> Source material
****

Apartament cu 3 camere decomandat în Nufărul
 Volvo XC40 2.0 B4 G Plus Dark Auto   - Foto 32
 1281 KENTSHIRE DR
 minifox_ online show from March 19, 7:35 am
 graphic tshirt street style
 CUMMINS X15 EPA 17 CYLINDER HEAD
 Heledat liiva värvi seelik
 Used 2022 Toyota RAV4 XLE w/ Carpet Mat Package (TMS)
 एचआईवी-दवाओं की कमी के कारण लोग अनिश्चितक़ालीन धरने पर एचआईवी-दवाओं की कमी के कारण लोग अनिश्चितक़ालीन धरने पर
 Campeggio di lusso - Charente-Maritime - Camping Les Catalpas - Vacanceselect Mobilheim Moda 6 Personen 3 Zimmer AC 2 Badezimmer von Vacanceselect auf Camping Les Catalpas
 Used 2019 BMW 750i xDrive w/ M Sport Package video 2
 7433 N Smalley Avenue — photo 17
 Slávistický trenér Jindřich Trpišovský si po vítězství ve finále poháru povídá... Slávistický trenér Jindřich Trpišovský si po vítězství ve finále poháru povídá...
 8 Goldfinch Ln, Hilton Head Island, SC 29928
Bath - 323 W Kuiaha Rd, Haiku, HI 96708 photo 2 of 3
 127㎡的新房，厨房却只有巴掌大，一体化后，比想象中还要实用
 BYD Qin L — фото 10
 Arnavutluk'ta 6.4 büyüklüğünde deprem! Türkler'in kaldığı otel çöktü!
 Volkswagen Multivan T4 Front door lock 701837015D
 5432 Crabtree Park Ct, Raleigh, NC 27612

****

> Task instructions
Determine how many lines above contain the string "Used". Give only that number.

> Solution
2